Additional links: The Joint Commission for Transforming Healthcare
High Reliability Healthcare Maturity Model
- Increasing Physician Presence in Units
Applies to: Organizational Enabling Factors | Group Enabling Factors |Teamwork & Collaboration | Communication & Information Exchange There are various methods to improve patient safety by increasing the amount of time senior physicians are present and available on the unit, depending on the size of the unit. One suggestion is to have an on-call attending physician 24 hours, 7 days a week. If that is not an option to your facility, perhaps increasing the number of hours the attending physician is on the unit or designate a senior resident to be assigned only to a specific unit for the day. Having the most experienced physicians available to nurses and resident physicians for a longer amount of time, or more often, will create opportunities to ask questions and prevent errors. This will also provide for more teachable moments for residents and nurses, creating group cohesion and increasing confidence in one another as well as self-confidence.
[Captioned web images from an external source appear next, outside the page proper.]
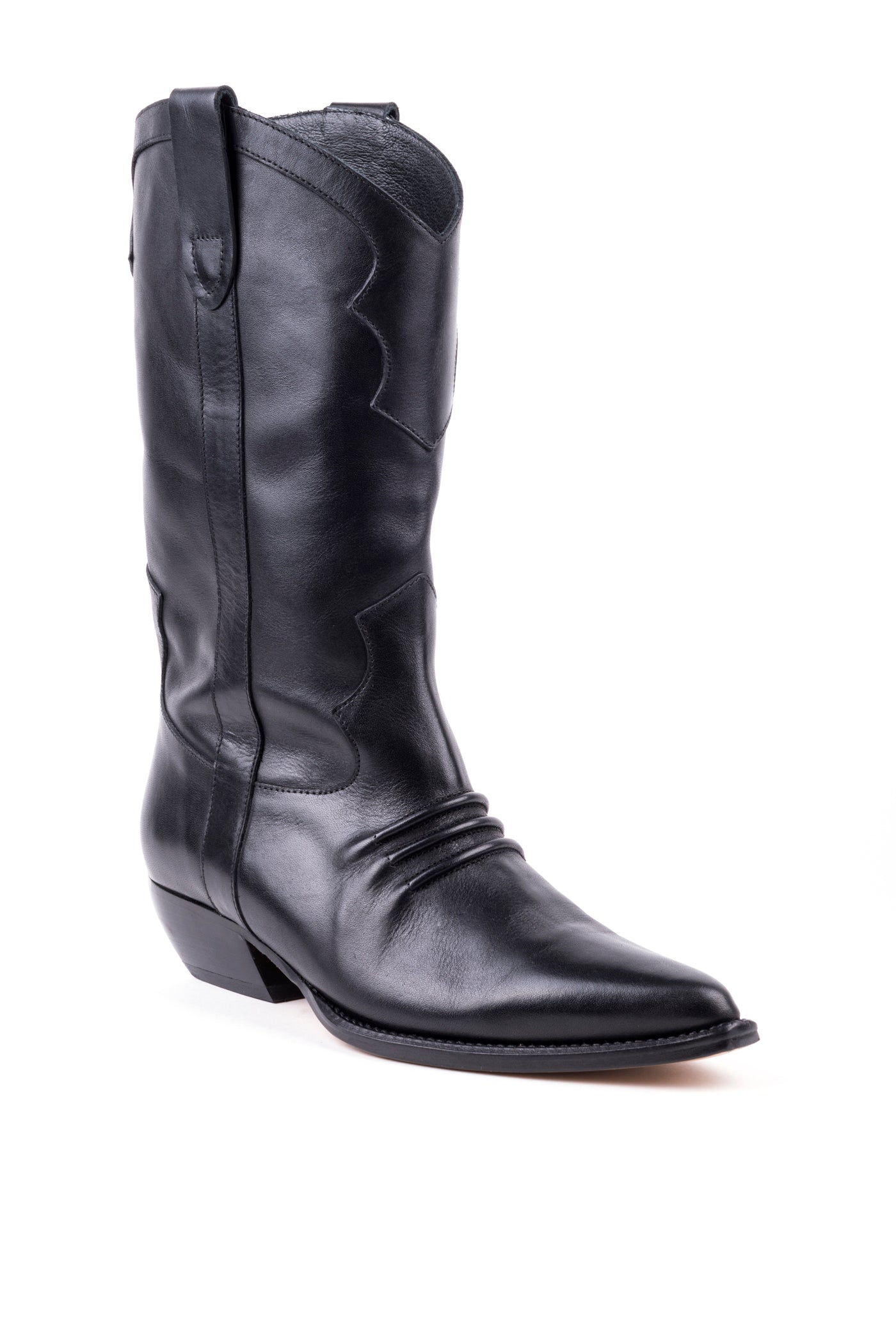 Botas texanas em pele preta de salto médio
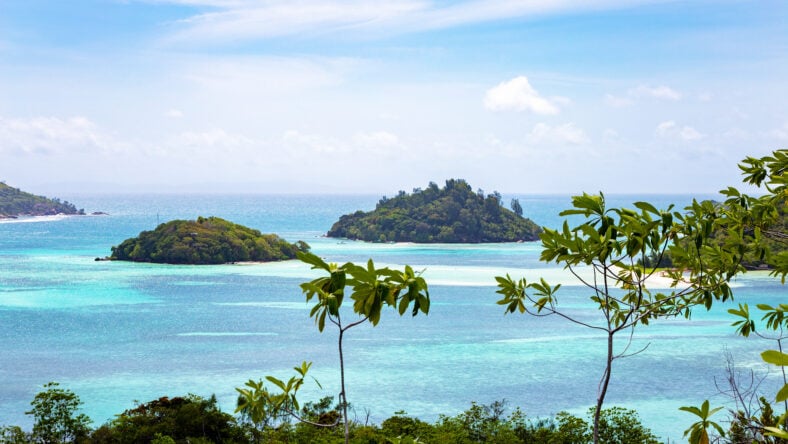 Round and Moyenne Islands, Mahe, Seychelles, Africa.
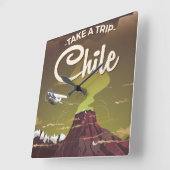 Chile vulkaan vintage reisposter vierkante klok (Hoek)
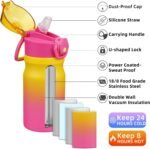 BJPKPK Water Bottle with Straw 14oz Insulated Water Bottles Reusable Stainless Steel Metal Thermal Flask with Leak Proof Lockable Lid and Carry Handle,Rainbow - Image 3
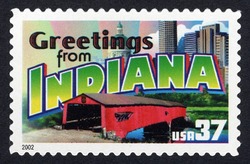 Greetings From Indiana United States Postage Stamp | Greetings From America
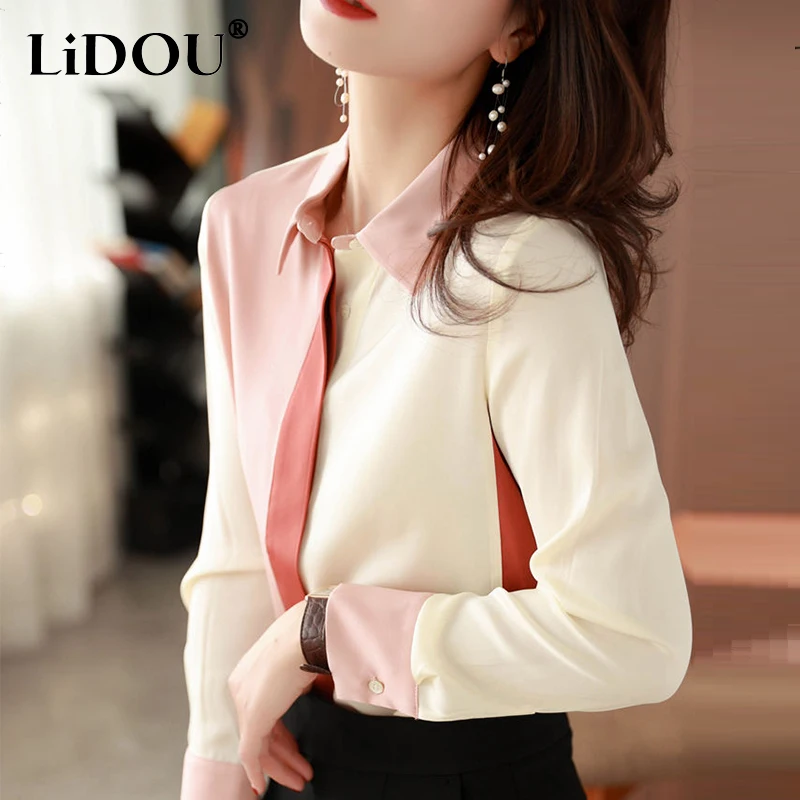 casual blazer womens fashion solid buttons coats office ladies down collar slim outweats female streetwears 5xl Spring Autumn Women's Elegant Fashion Patchwork Buttons Shirt Ladies Loose Casual All-match Long Sleeve Blouse Female Clothes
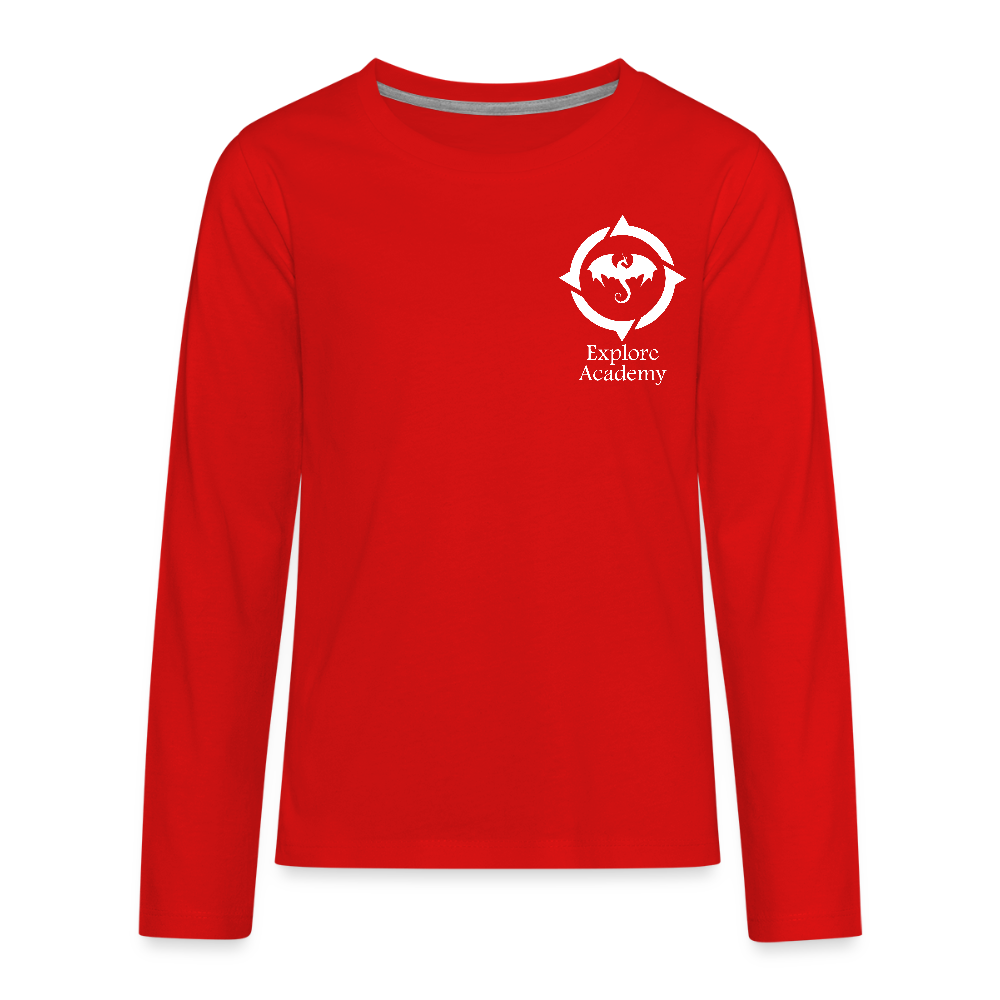 Explore Academy Dragon Logo Kids Long Sleeve T-Shirt - red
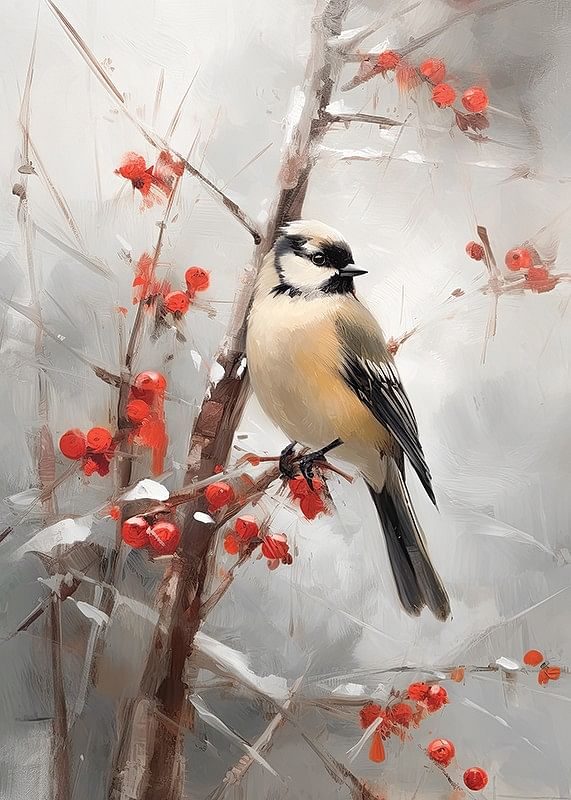 Bird And Red Berries-12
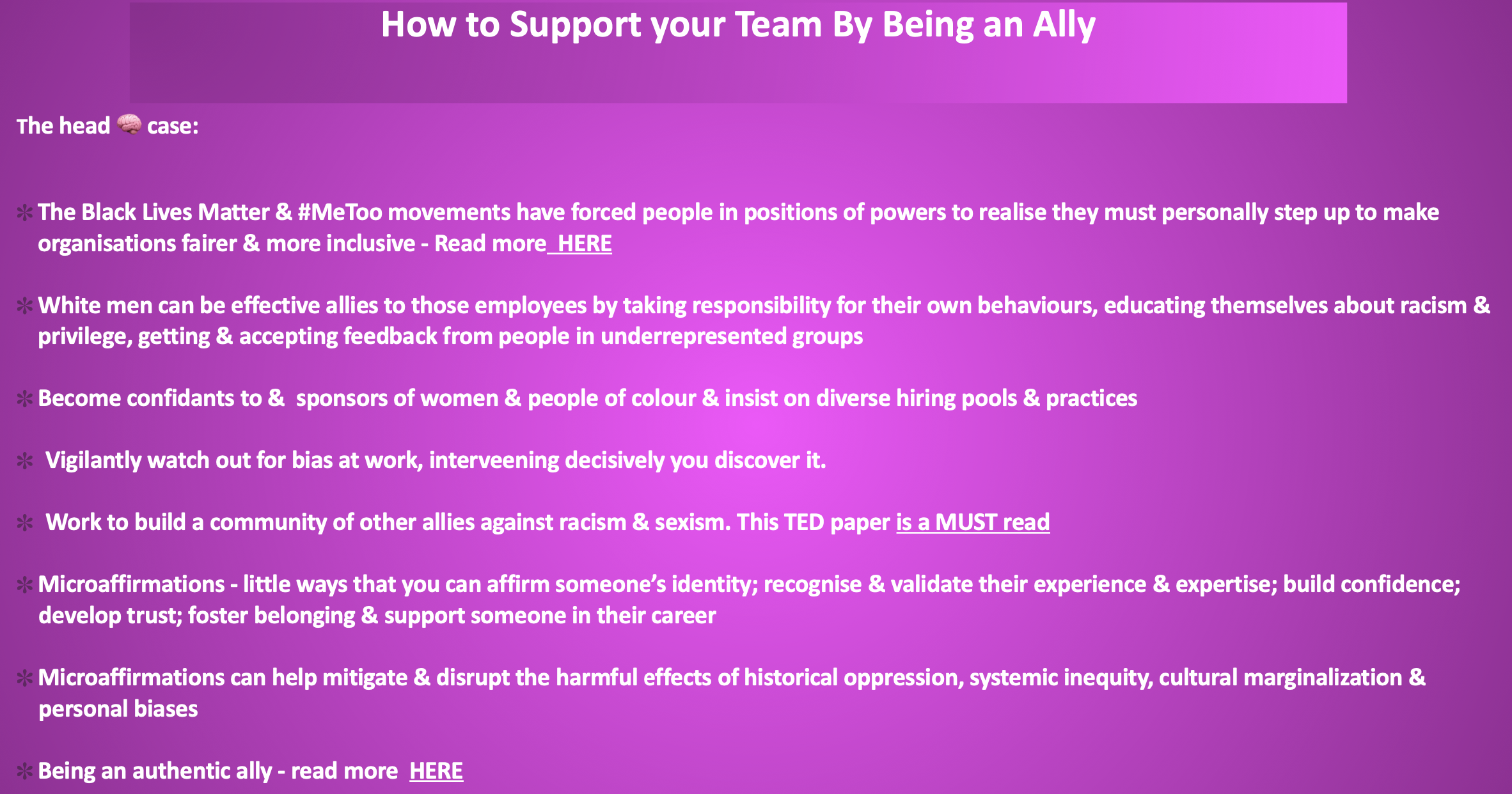 Supporting your Team Being an Ally - Being Better Not Bitter featured image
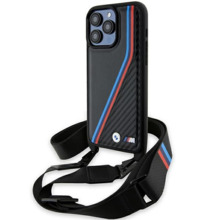 Telefoniümbris BMW M Edition Carbon Tricolor Lines & Strap BMHCP15L23PSVTK, Apple iPhone 15 Pro, must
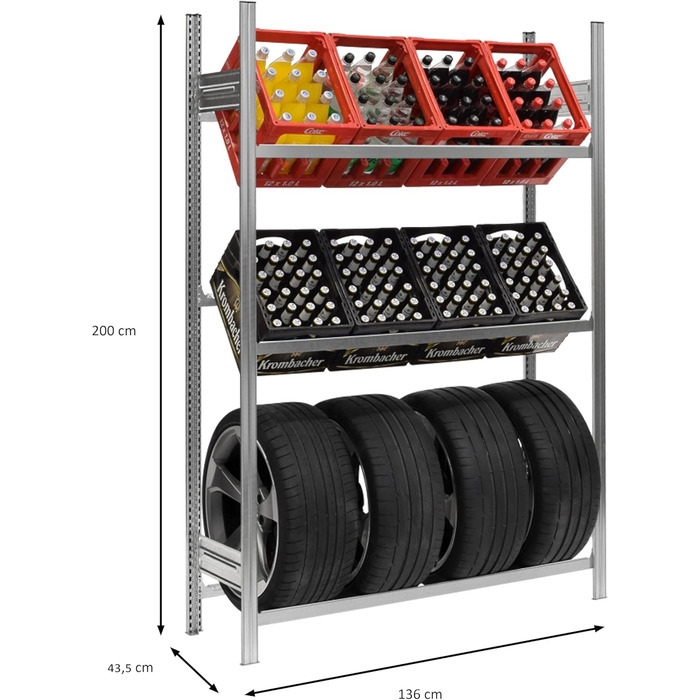 Стійка для ящиків для напоїв та шин PROREGAL CHIEMSEE TIRE, виготовлена в Німеччині ВxШxГ 200x136x43,5 см 6 ящиків 4 шини Оцинкована Стійка для ящиків для напоїв, підставка для шин, гаражна стійка, підвальна стійка для 6 ящиків та 4 шин (широка), оцинкова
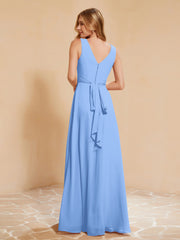 Pleated V-neck Chiffon A-line Dress With Bow Blue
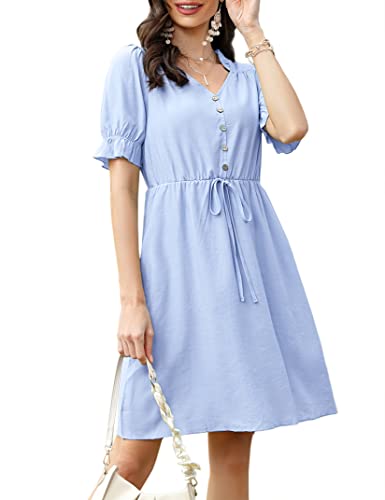 KOJOOIN Sommerkleid Damen Kurz Kleid V-Ausschnitt Casual Tunika Minikleid mit Kurzarm Blau M von KOJOOIN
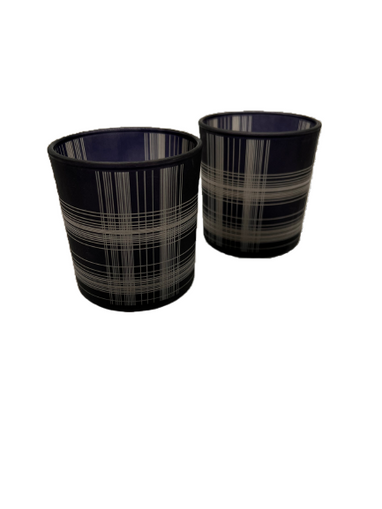 Windlicht aus Glas in Schwarz / Grau kariert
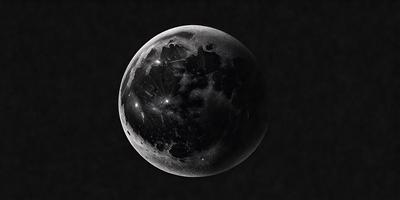 The primary subject of the image is a close-up of a moon, which is the main object in the scene. The moon is shown in a dark, black and white setting, giving it a dramatic and moody appearance. The visual style of the image is a combination of a photo and a drawing, creating a unique and artistic representation of the moon. The colors and mood of the image are predominantly dark and mysterious, emphasizing the moon's silhouette and the vastness of space.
Obstetrics Patient Safety Committee / Quality Councils
Applies to: Organizational Enabling Factors | Group Enabling Factors |Teamwork & Collaboration | Communication & Information Exchange | Fair Rewarding & Punishing
Patient safety committees and quality councils are created to improve safety and quality assurance. They can include former patients, providers, or a combination of these two groups. Meetings take place weekly or monthly, depending on the topics addressed and the committee members’ availability.